> _What is needed_:
I need the lines from the one containing "489 Mustang St #489 - Photo 2 of 5" through the last line of the entries retyped exactly, with no pictures among them.

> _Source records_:
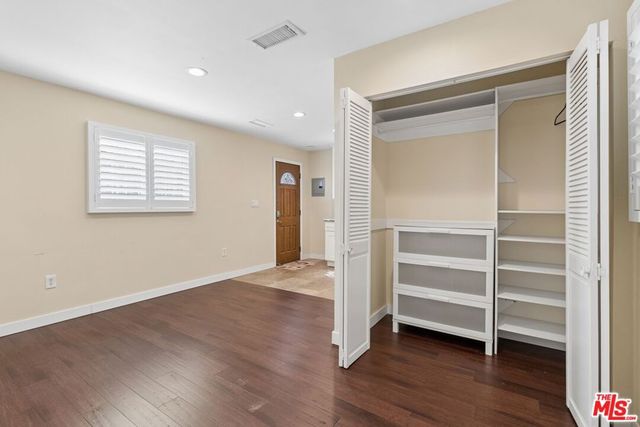 8911 Cattaraugus Avenue, Los Angeles, CA 90034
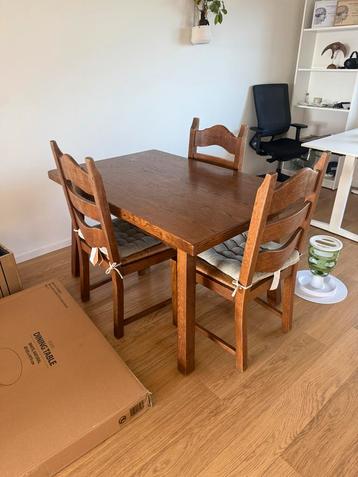 Houten stoelen te koop – €5 per stuk beschikbaar voor biedingen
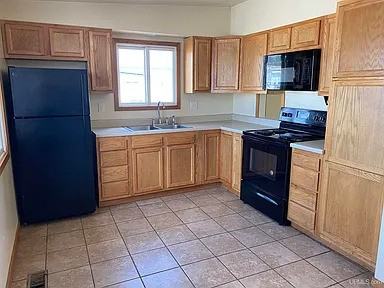 489 Mustang St #489 - Photo 2 of 5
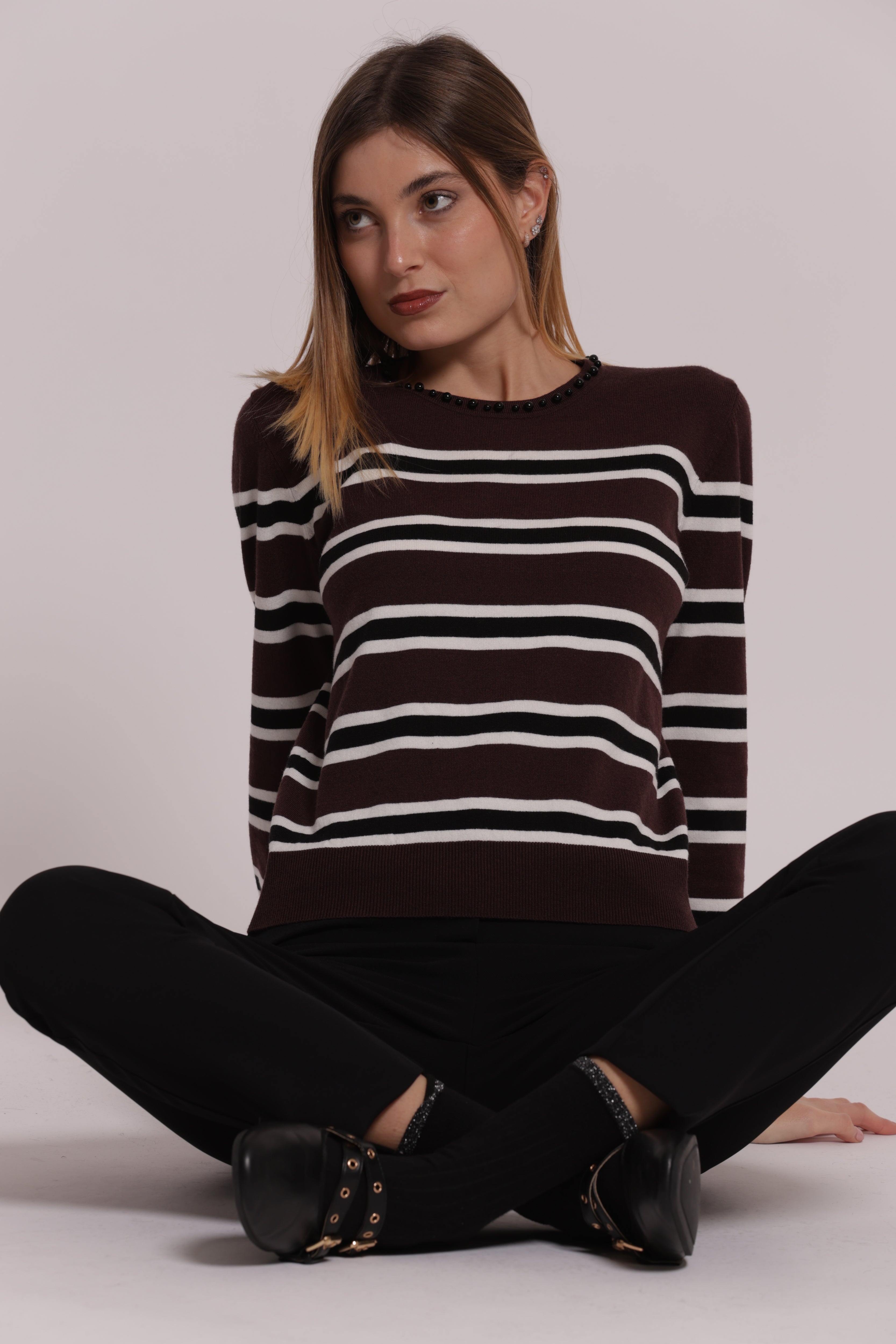 Mimi Mua Maglia a Righe con Perle moro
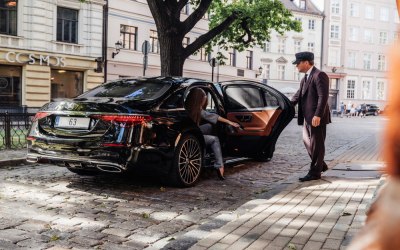 limousine-transfer-chauffeur-1.jpeg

> _Output of the exercise_:
 489 Mustang St #489 - Photo 2 of 5
 Mimi Mua Maglia a Righe con Perle moro
 limousine-transfer-chauffeur-1.jpeg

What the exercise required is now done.